*** Record excerpts ***
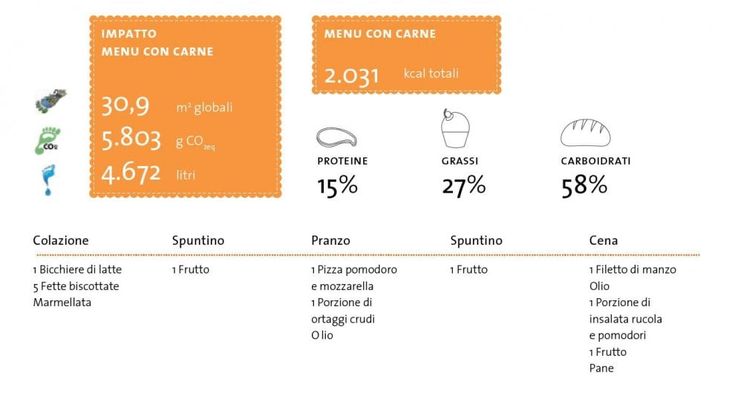 Dieta veg contro carnivora: ecco come cambia l'impatto ambientale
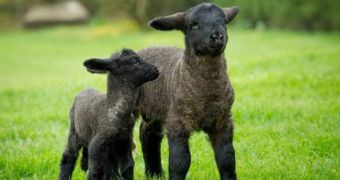 Goliath is three times the size of a normal lamb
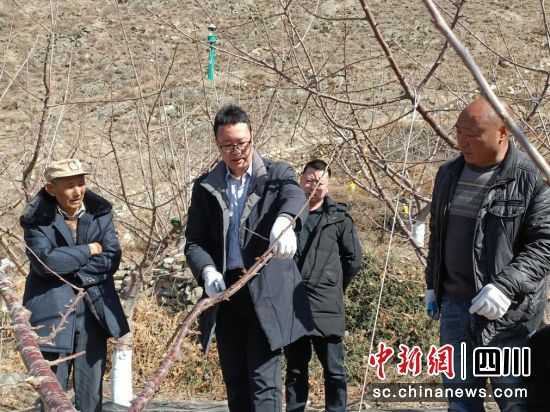 川农专家现场教授汶川甜樱桃春季管理  打好丰收基础休闲区蓝鸢梦想 - Www.slyday.coM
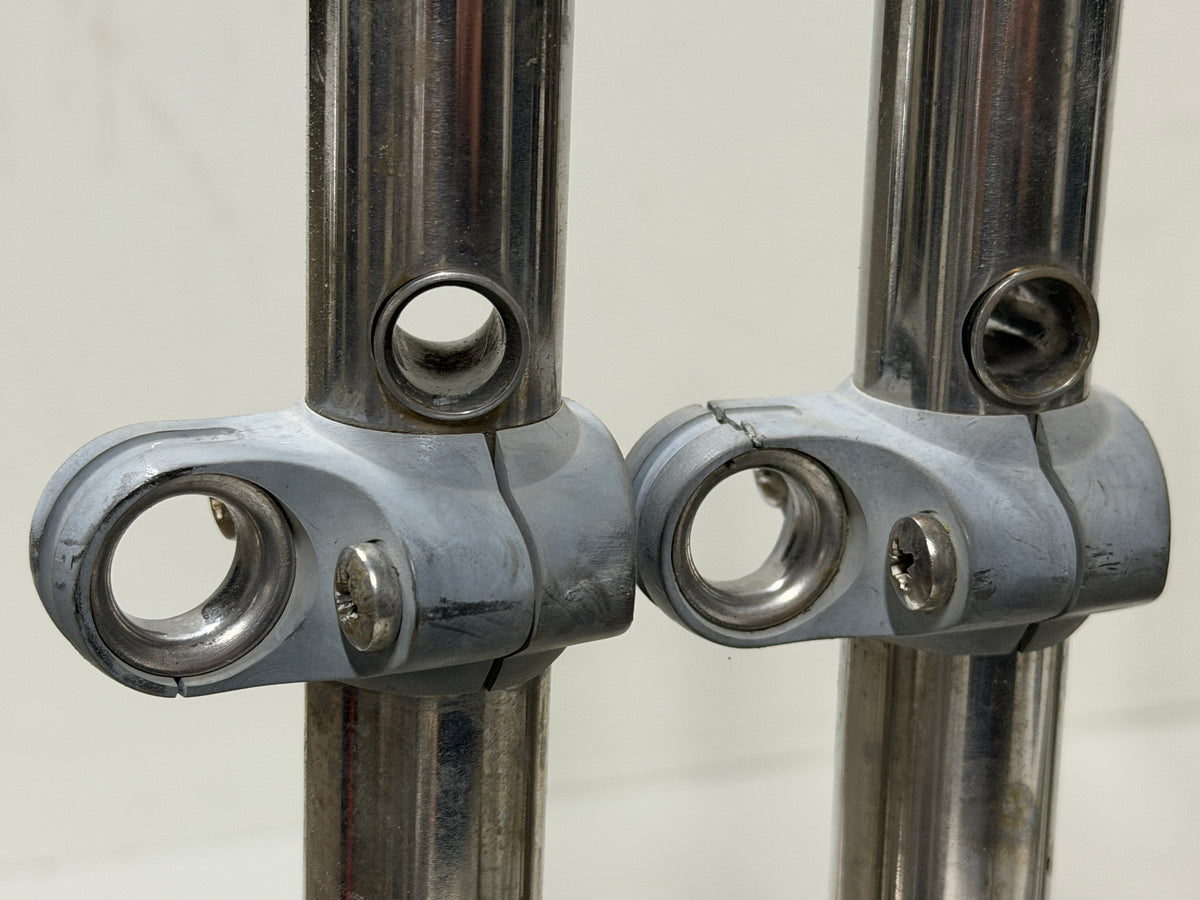 6 x RVS scepter 51 cm met scepterpot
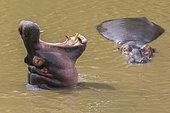 Hippo (Hippopotamus amphibius) with open mouth displaying dominance in a river, Masai Mara National Reserve, Kenya, Africa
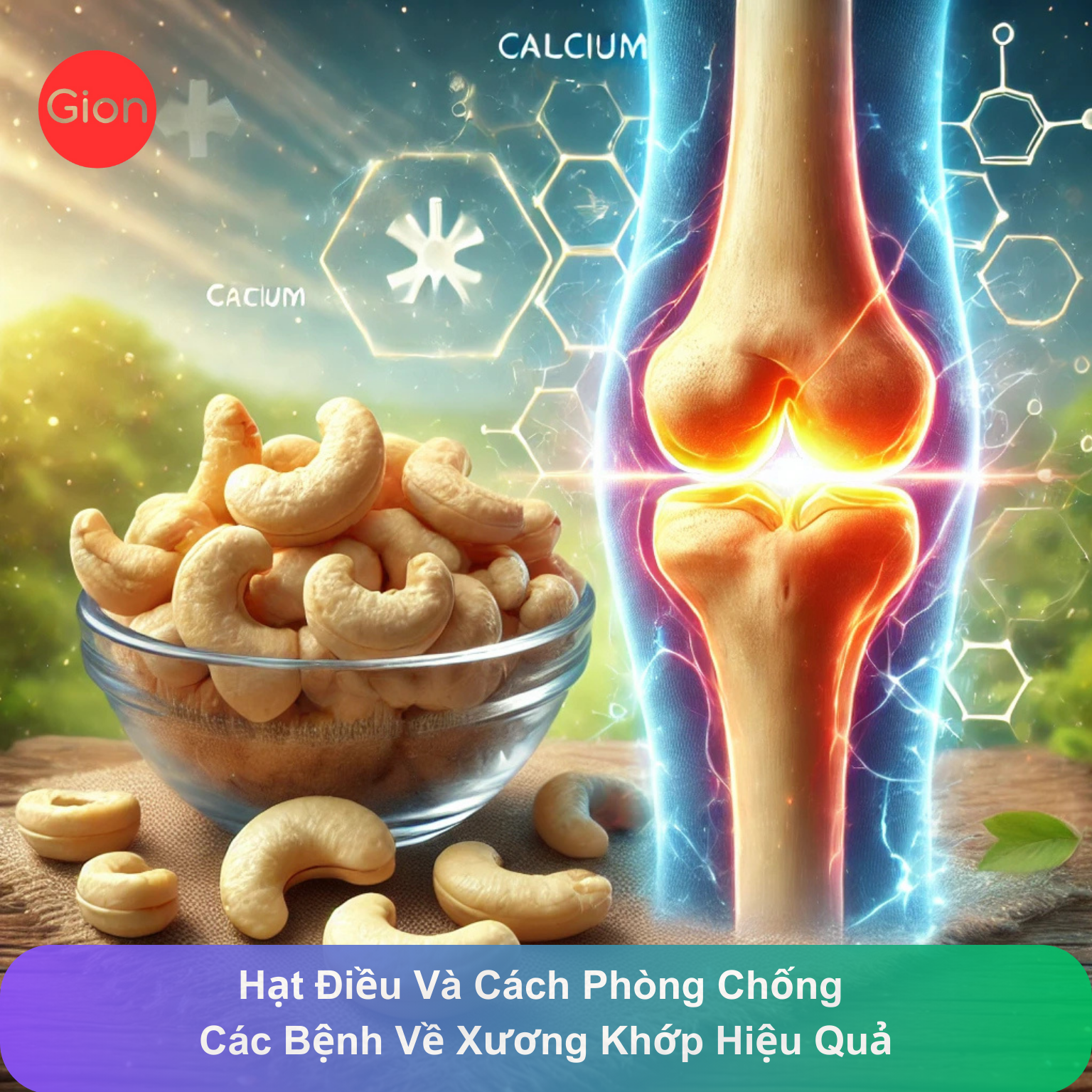 Hạt Điều – “Lá Chắn Tự Nhiên” Bảo Vệ Xương Khớp Khỏe Mạnh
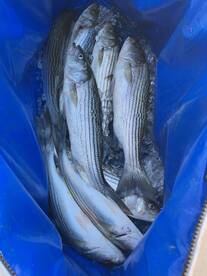 Richmond Report Photo 2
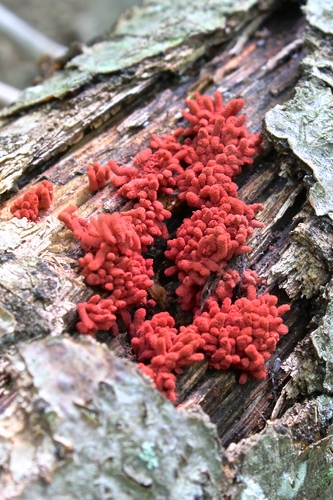 Carnival Candy Slime Mold reference
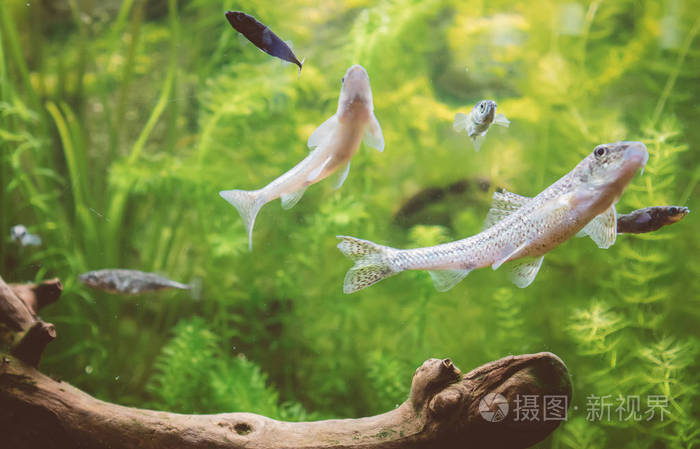 与植物和鱼类淡水绿色水族馆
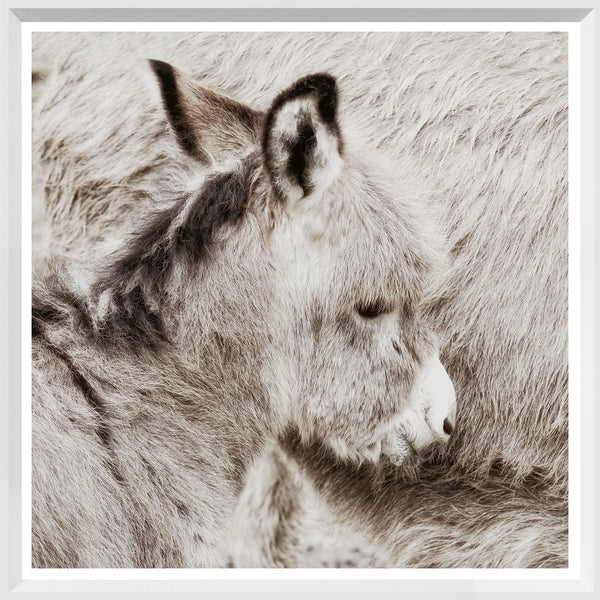 Donkey Foal - Mini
***
[Aim of the task] Give again, exactly as written, the lines from the one with "Hạt Điều –" through the last line of the entries above, but skip the pictures.

[Response box]
 Hạt Điều – “Lá Chắn Tự Nhiên” Bảo Vệ Xương Khớp Khỏe Mạnh
 Richmond Report Photo 2
 Carnival Candy Slime Mold reference
 与植物和鱼类淡水绿色水族馆
 Donkey Foal - Mini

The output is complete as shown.